Volkan Bozkir, président de l’Assemblée générale des Nations Unis

«Les efforts déployés par le Maroc ont permis de protéger cet arbre»

«Alors que nous cherchons à réaliser des progrès dans la décennie de l’action et nous assurer une reprise inclusive, durable, résiliente et verte post-Covid-19, les projets comme ceux de l’arganier s’érigent comme des modèles de meilleures pratiques pour nous tous. Le Maroc a pris les mesures nécessaires pour préserver l’arganier et pour avoir sensibilisé à son rôle vital dans le maintien des équilibres écologiques, la préservation de la biodiversité et sa contribution au développement durable. Les efforts déployés par le Royaume du Maroc ont permis de protéger et d’élargir un secteur qui représente désormais 10% des parts de marché. Les communautés locales ont bénéficié d’une amélioration de leurs moyens de subsistance tandis que le secteur s’est élargi de façon exponentielle vers de nouveaux produits. Les arbres eux-mêmes renforcent la protection de l’environnement en absorbant le carbone et en endiguant la désertification et la dégradation des sols, tout en améliorant la gestion des eaux et en servant de refuge pour une riche biodiversité.

Dr Tedros Adhanom Ghebreyesus, DG de l’OMS

«La culture millénaire de l’arganier nous donne des leçons à appliquer»
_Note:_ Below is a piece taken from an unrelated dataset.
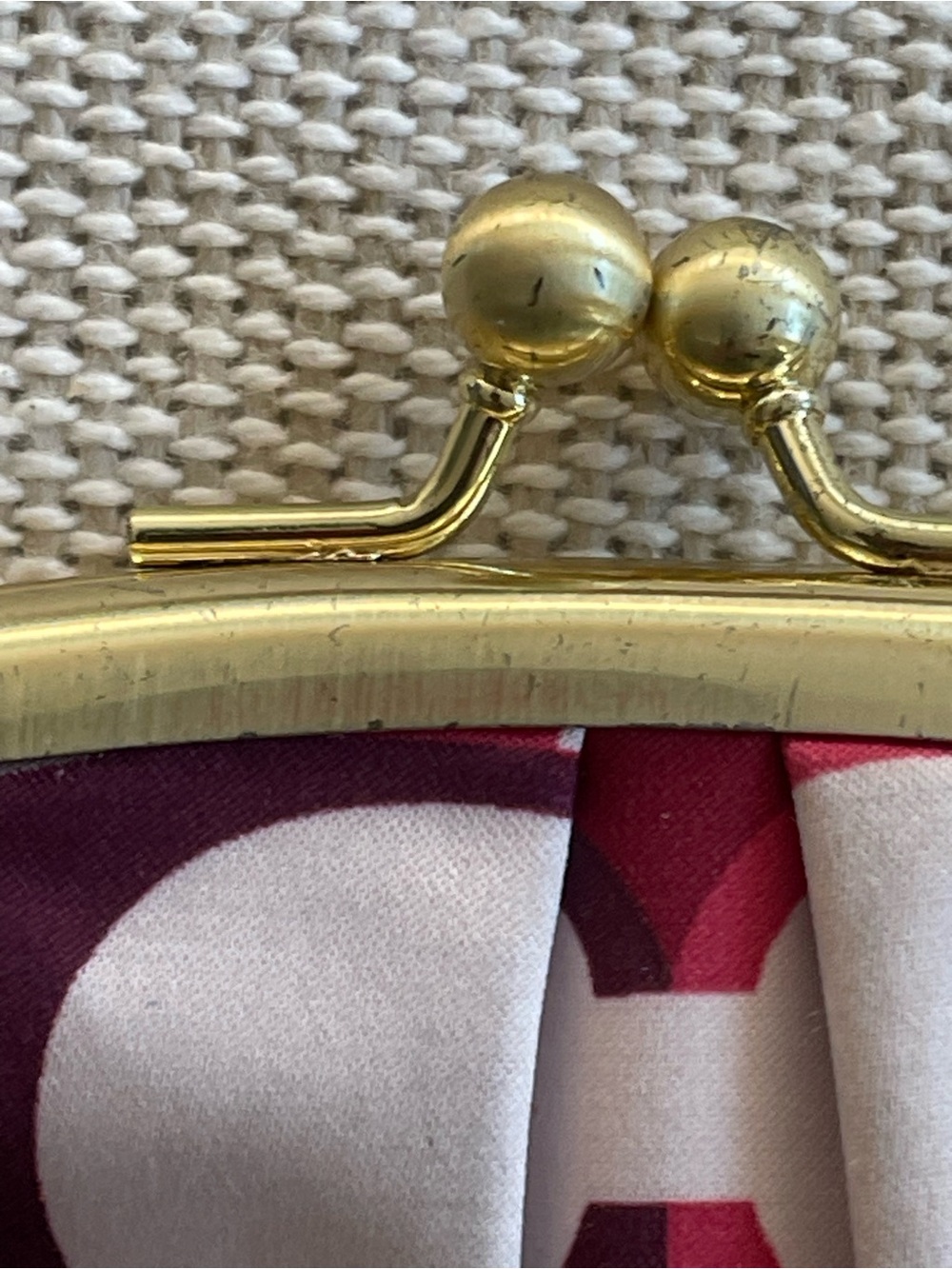 Vintage Coach Ashley Scarf Print Satin Kisslock Coin Purse - Picture 5 of 13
«La pandémie de la Covid-19 nous rappelle le rapport délicat et intime entre les personnes et la planète. En effet, l’arganier est un exemple éloquent de l’approche holistique nécessaire pour le développement durable. La culture millénaire de l’arganier nous donne des leçons à appliquer et à suivre pour la protection, l’adaptation et la défense des populations contre les changements climatiques. Le respect et l’apprentissage de la médecine traditionnelle et son utilisation aux côtés des nouvelles technologies nous ont permis de sauver des milliers de vie et d’améliorer les conditions de bien-être des populations. D’où la nécessité de pérenniser le patrimoine et les connaissances liés à la culture de l’arganier et les léguer aux générations futures. Cet arbre ainsi que les diverses espèces biologiques jouent un rôle important dans le domaine médical. L’OMS, pour soutenir les pays dans ce sens, a publié des lignes directrices et les meilleures pratiques en matière de conservation des plantes médicinales et de leur bonne utilisation ».
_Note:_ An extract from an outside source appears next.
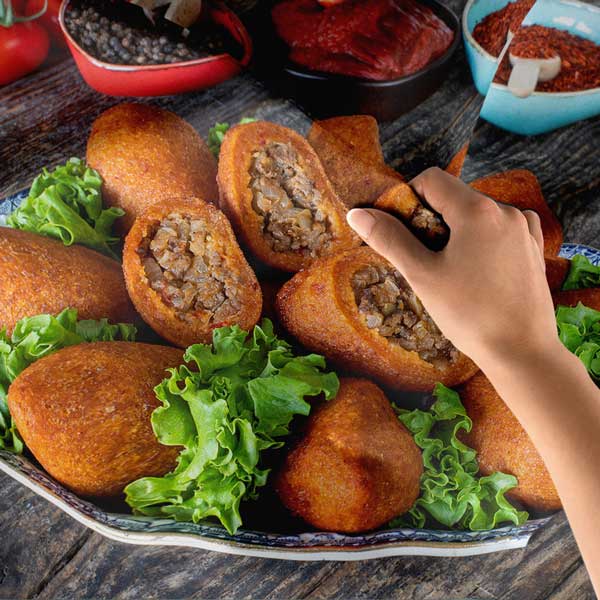 İçli Köfte Temalı Duvar Örtüsü 12578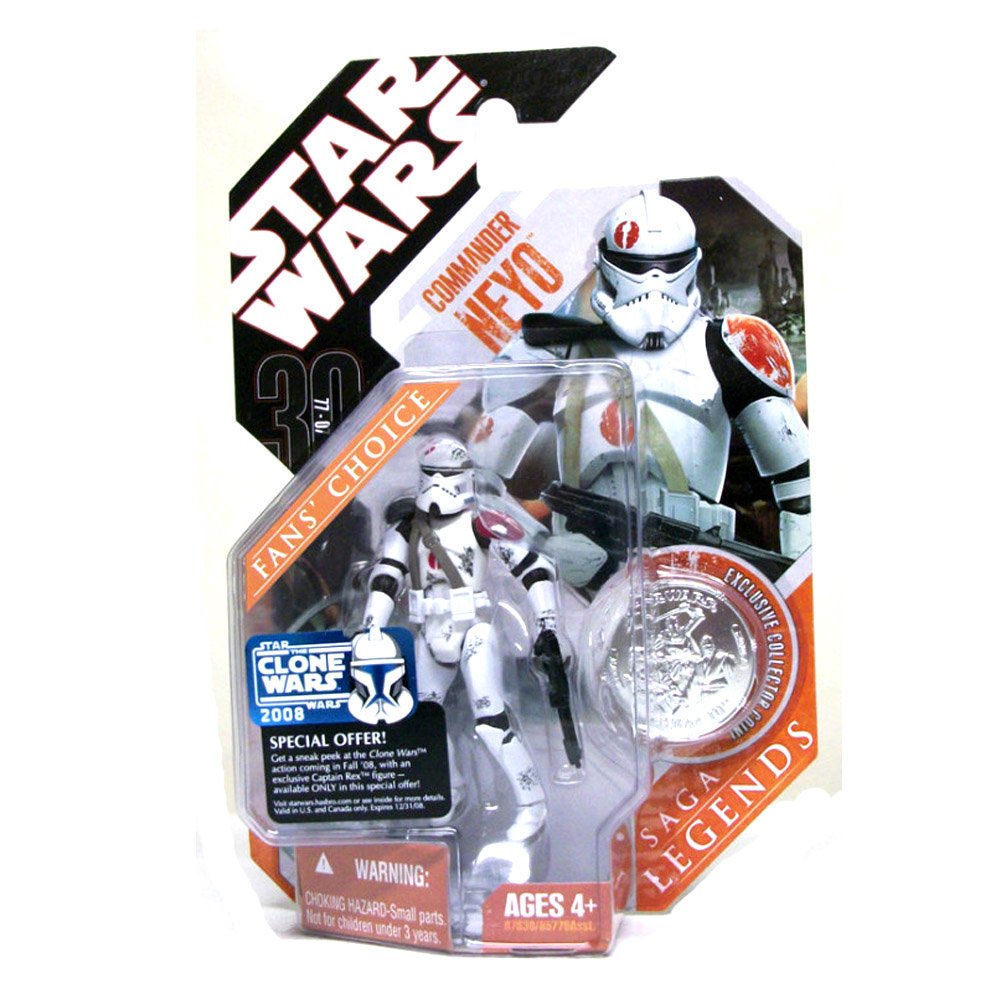 Star Wars 30th Anniversary Saga 2007 Legends Action Figure Commander Neyo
Yannick Glemarec, directeur exécutif du Fonds vert pour le climat (GCF)

«Le projet Dared vise à préserver et à conserver l’arganier selon une approche tripartite»

«A travers le projet de développement de l’arganiculture en environnement dégradé (Dared), nous avons travaillé avec le gouvernement du Maroc, l’Agence de développement agricole et l’Agence nationale pour le développement des zones oasiennes et de l’arganier sur de nouvelles solutions pour développer cette culture dans les environnements dégradés. notre investissement vise à préserver et à conserver l’arganier selon une approche tripartite, à savoir la protection du couvert forestier, la restauration des sols à travers l’amélioration de la résistance et la gestion durable pour l’augmentation de la productivité. Le financement de ce projet, qui met les femmes au cœur du secteur de l’arganier, permet la collecte et le stockage des fruits de l’arganier, l’acquisition de nouvelles techniques dans ces zones arides, l’adoption des normes internationales ainsi que la vente à des prix intéressants à travers des coopératives.